Je suis maintenant à même de constater que tous les récits des atrocités arméniennes qui ont été publiés en Europe et aux Etats-Unis, sont non seulement complètement vrais, mais qu'ils ne relatent que des faits qui se sont passés sous les yeux des Consuls et des missionnaires des Etats Neutres, tandis que d'autres crimes plus affreux el plus atroces ont été commis dans des régions lointaines et peu fréquentées, et qui n'ont pas eu de spectateurs.

La ville d'Erzeroum, la grande forteresse militaire de l'Arménie turque, comptait environ 50.000 habitants avant la guerre, dont 20.000 étaient des Arméniens. La plaine d'Erzeroum, un plateau fertile d'alluvion qui s'étend au nord-ouest de la ville, renfermait une soixantaine de villages arméniens avec au moins 45.000 habitants, appartenant tous à une race vigoureuse de paysans.
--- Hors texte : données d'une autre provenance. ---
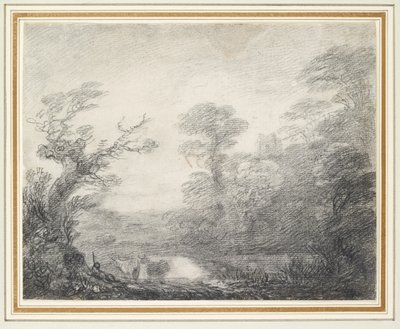 Boslandschap met herder, koeien en kerktoren door Thomas Gainsborough
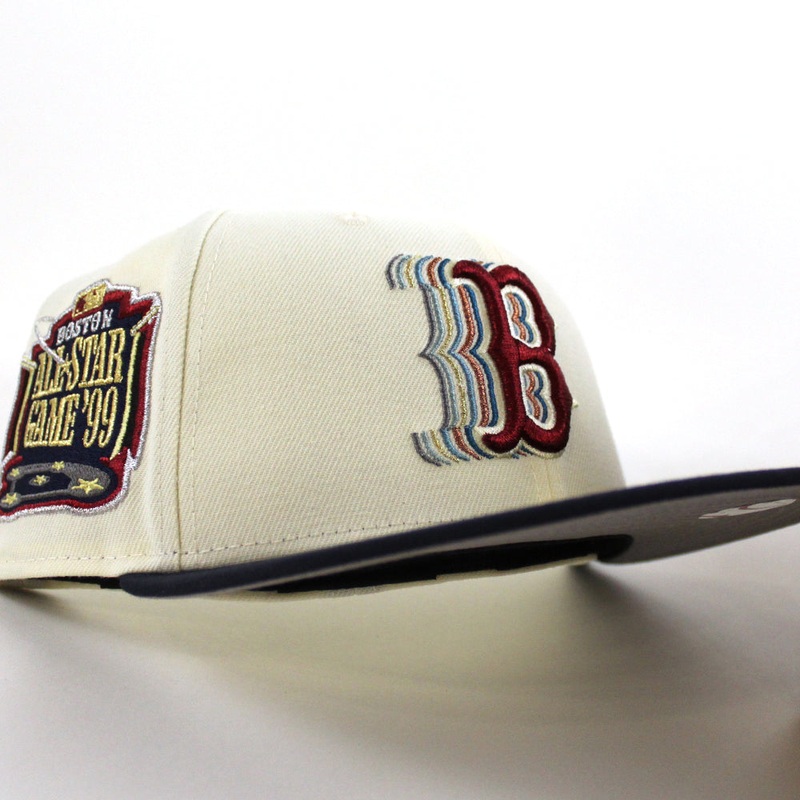 Boston Red Sox 1999 All Star Game New Era 59Fifty Fitted Hat (Chrome White Navy Gray Under Brim) 7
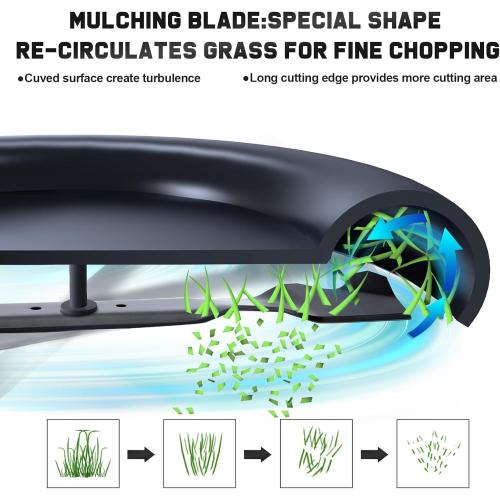 Black 21 inch Mulching Blade for Troy Bilt 942-0741A TB110 TB240 TB230 TB130 TB200 TB160 TB210 TB280ES TB320 TB115 TB220 MTD Cub Cade Craftsman 742-0741 742-0741A 942-0741 21 Deck Lawn Mower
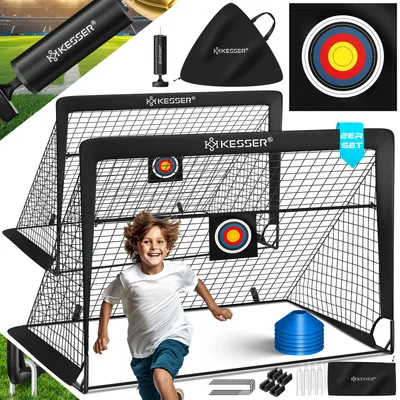 Produktbild von KESSER® Fussballtor 2er Set | Tolles Fußball Geschenk für Kinder, Indoor und Outdoor Garten : Antirutsch - Inkl. Fußball Trainingszubehör: Hütchen, Zielscheibe, Sporttasche, Ballpumpe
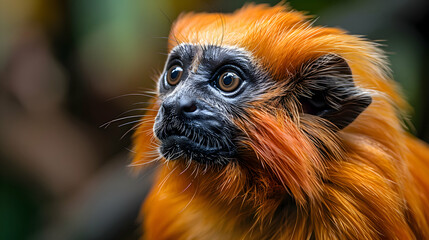 Amazon Golden Lion Tamarin face, showcasing its bright fur and curious eyes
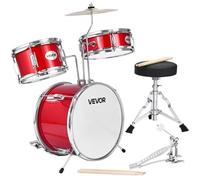 VEVOR Kids Drum Set, 3-Piece 14 in Junior Drum Sets, Beginner Drums Set with Adjustable Throne, Cymbal & Two Pairs of Drumsticks, Musical Learning Drums Instruments Kit, for Children Ages 6-13 (Red)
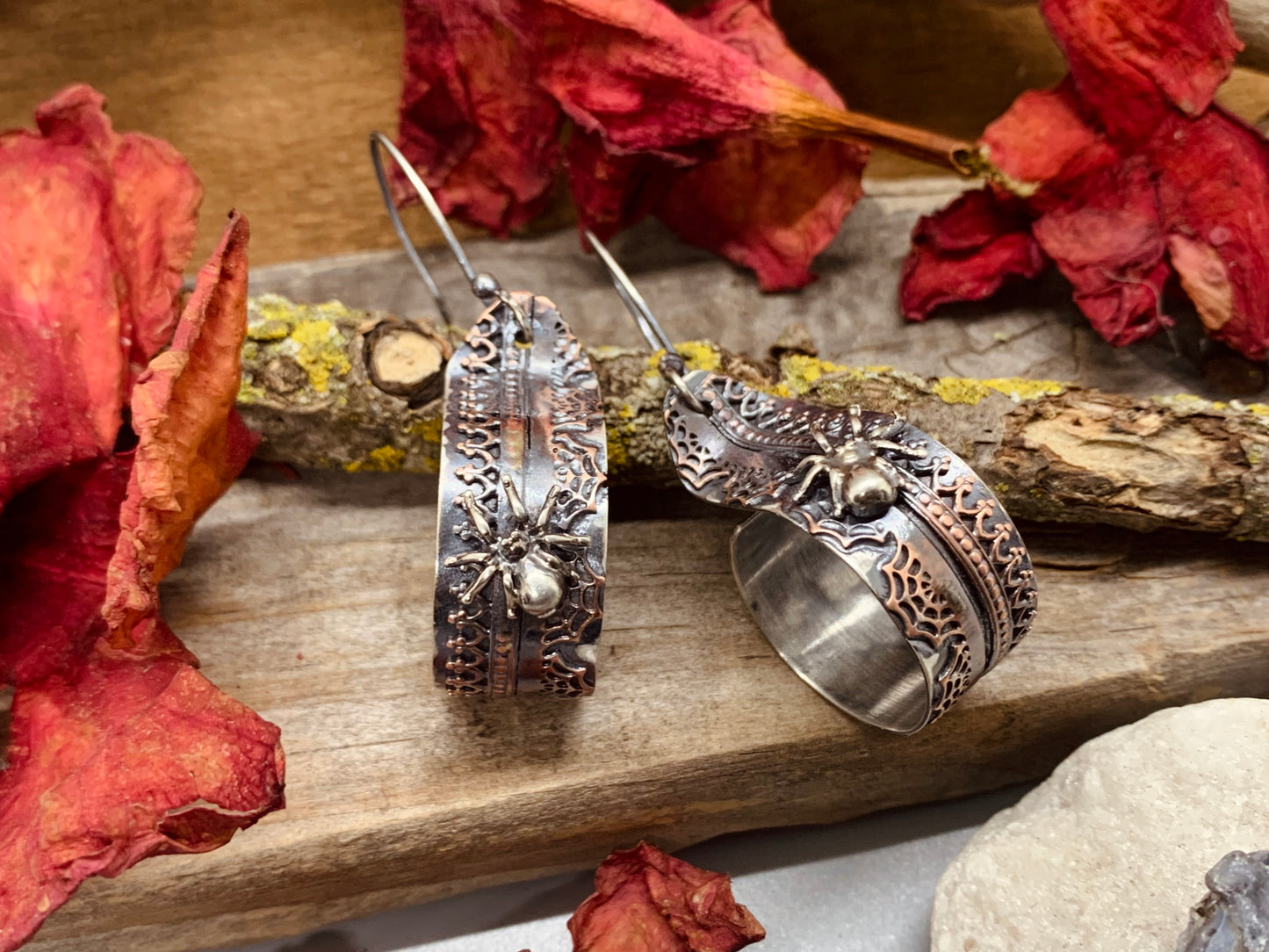 Halloween Sterling Silver and Copper Spider Webbed Hoop Earrings (2)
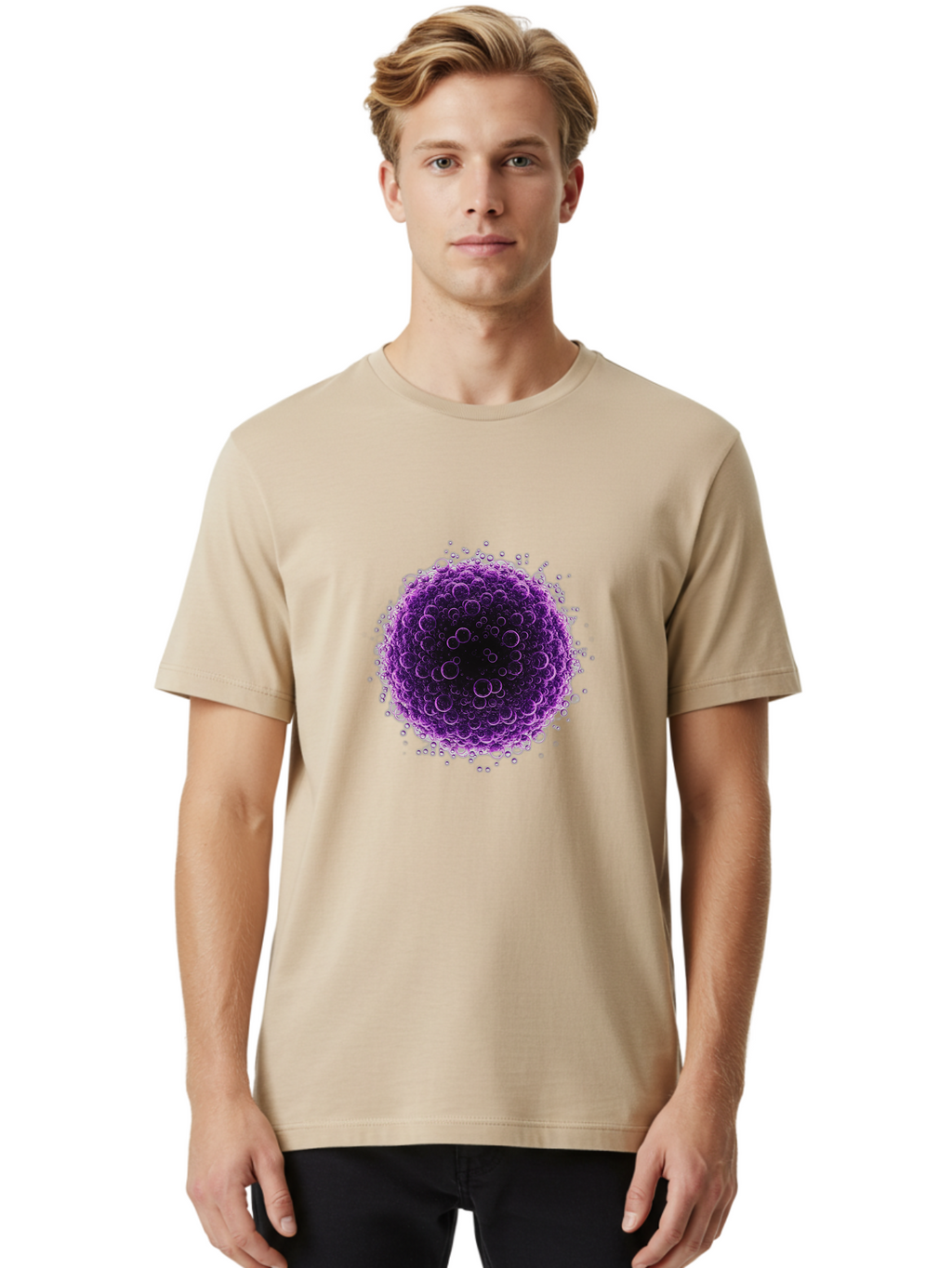 Purple-Cell Men'S Graphic Tee, 100% Cotton, Comfortable Casual Summer Wear, Machine Washable, Vintage Camera, Old Camera, Antique Camera, Black Camera, Classic Photography, Photography Equipment, Nostalgic Device, Film Camera, Camera Art Ban215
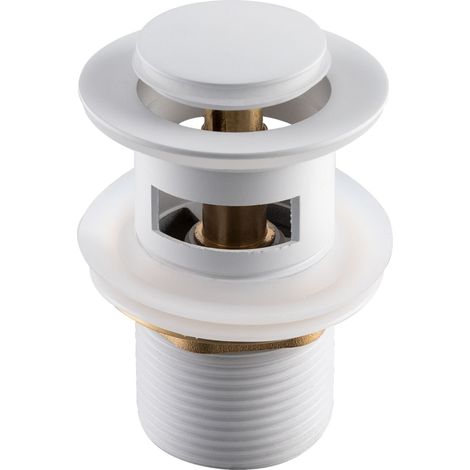 Bonde de lavabo en laiton Click-Clack modèle B universelle pour lavabo 1/4 de pouce avec trop-plein blanche (1/5)
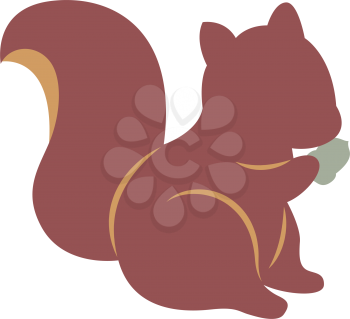 Royalty Free Clipart Image of a Squirrel Eating an Acorn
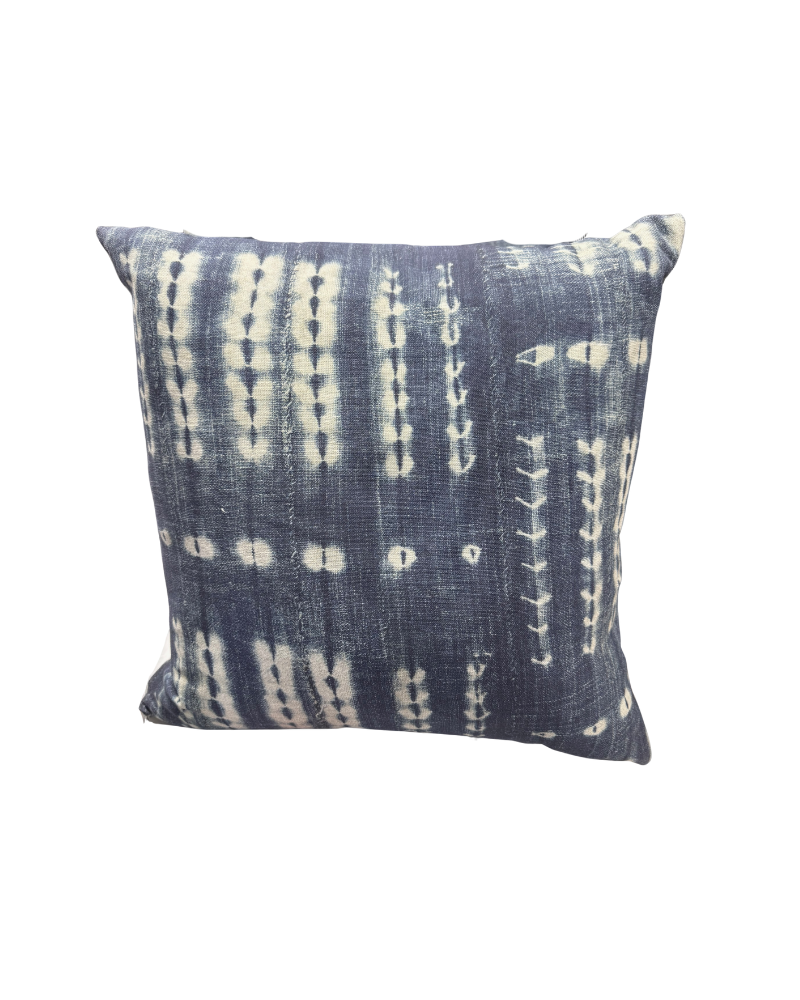 20x20 Custom Navy and White Print pillow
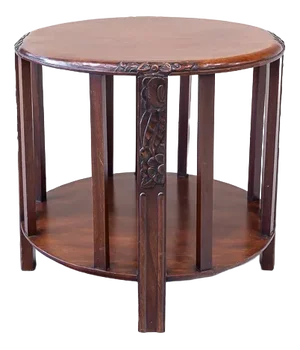 Red Deco Mahogany Side Table, France, 1930s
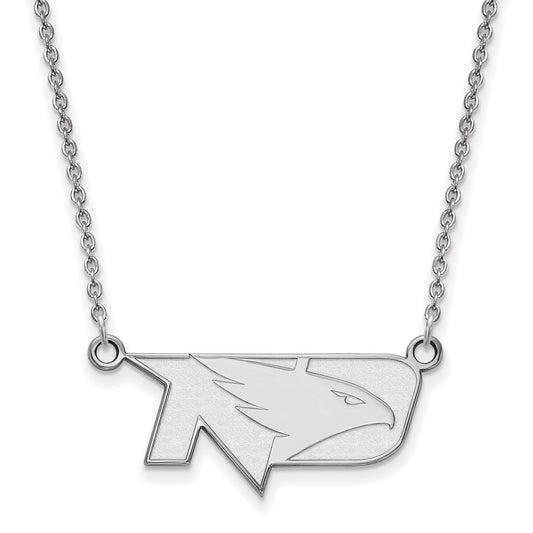 Sterling Silver Rhodium Plated Logoart University Of North Dakota Small Pendant 18 Inch Necklace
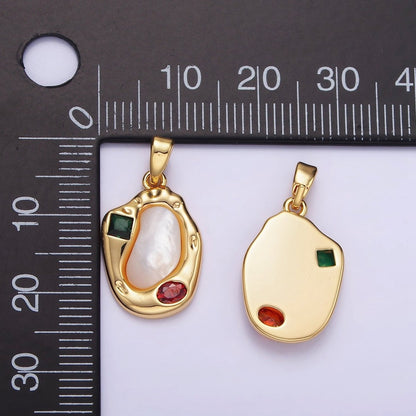 Dainty Abstract Charm 14K Gold Filled Oval Pear Charm with Colorful CZ Stone AA1195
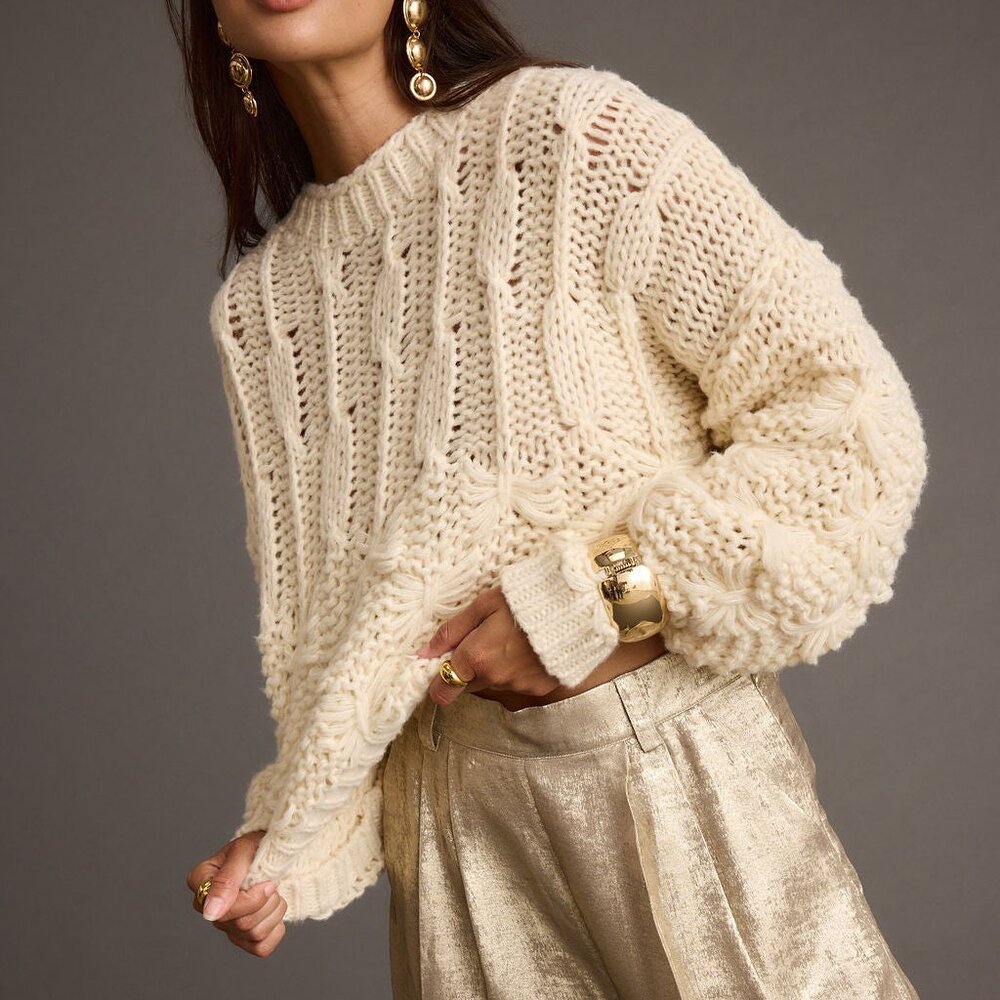 12th Tribe Bethany Cream Cable Knit Sweater Size LL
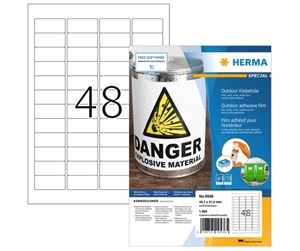 Papir, Fotopapir & Etiketter - HERMA Weatherproof outdoor film labels A4 45.7 x 21.2 mm white - 9536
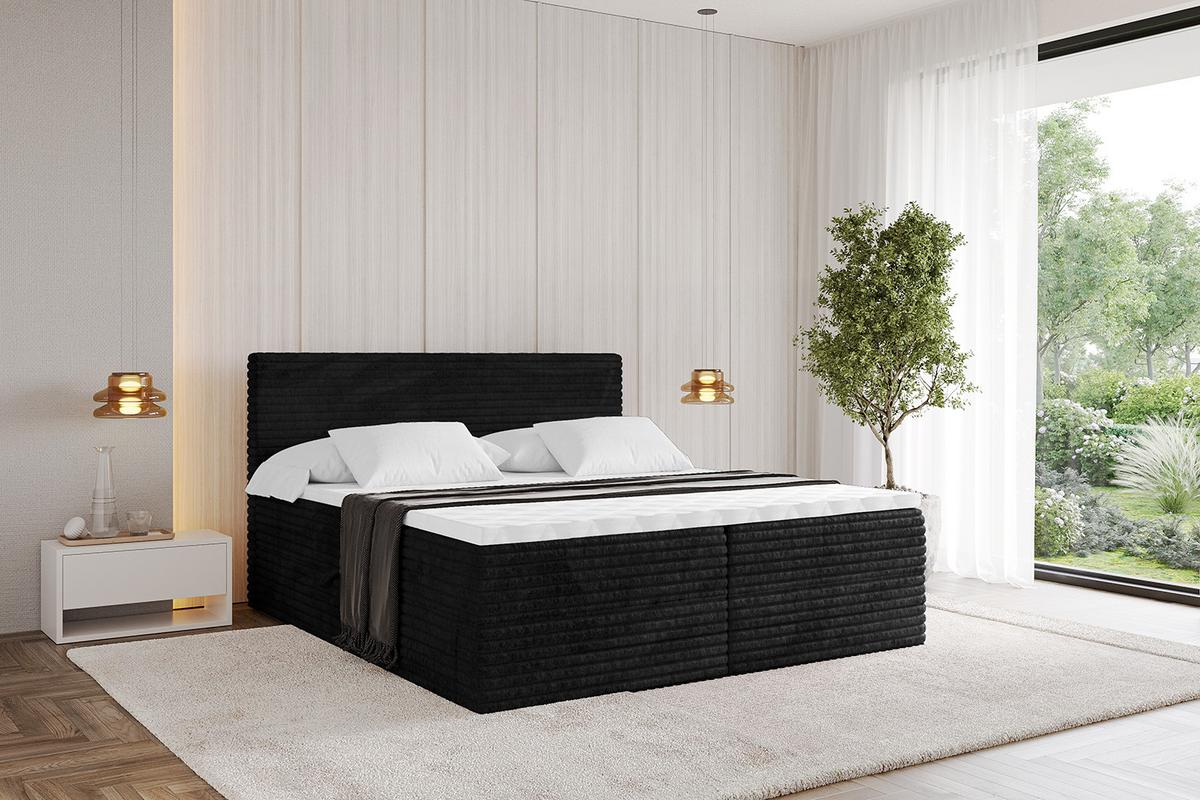 BOXBETT mit Matratze H4 und Lattenrost - TOLO-v1 - 180x200 Cord - Schwarz - Schwarz, Holzwerkstoff (180/200cm)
Au commencement de la, guerre européenne, le Comité Central des Jeunes-Turcs envoya un de ses chefs, un certain Boukhar-ed-Dinc Chakir Bey a Erzeroum, pour organiser l'anéantissement des Arméniens. Un autre, Djemal Effendi un fanatique d'un caractère sauvage, fut envoyé ensuite pour l'aider dans son œuvre. Ces deux « vaillants », envoyés de Constantinople, étaient secondés dans leur tache diabolique par deux indigènes malfamés Edib Hodja et Djafer Bey.

A Erzeroum, comme ailleurs, les Arméniens, en particulier, étaient impitoyablement pillés de tout ce qu'ils possédaient comme denrées, sous le masque de réquisitions militaires. La déroute des Turcs à Sarikamich, dans le mois de Janvier i915, et les contes, très exagérés d'ailleurs, que l'on fit du rôle que les volontaires arméniens avaient joué dans cette bataille, envenimèrent encore les relations arméno-turques à Erzeroum. Un officier turc qui venait de rentrer de Sarikamich disait à Mgr Sempad, l'évêque arménien de la ville, que sur le champ de bataille ils ont eu à faire face à des Arméniens: «Plusieurs de nos soldats ont été tués par des Arméniens, dit-il, ce sont les volontaires arméniens qui ont détruit nos villages et nos avant-gardes de reconnaissance. »

Les leaders Jeunes-Turcs commencèrent ensuite une campagne de calomnie et de provocation contre le peuple arménien. Des soldats arméniens de l'armée turque furent désarmés et renvoyés en arrière pour des travaux militaires ; et de nouvelles mesures sévères furent prises pour extorquer toutes les ressources des Arméniens. Le 18 avril, les Turcs convoquèrent un grand meeting populaire en dehors de la ville, au cours duquel les Arméniens furent dénoncés en public comme « des traîtres », comme « un danger pour l'Empire » et comme des alliés des ennemis de la Turquie. Des ordres rigoureux furent publics contre ceux des Musulmans qui se montraient disposés à défendre leurs amis arméniens, avec la menace de les punir aussi sévèrement que leurs protégés s'ils osaient leur donner asile.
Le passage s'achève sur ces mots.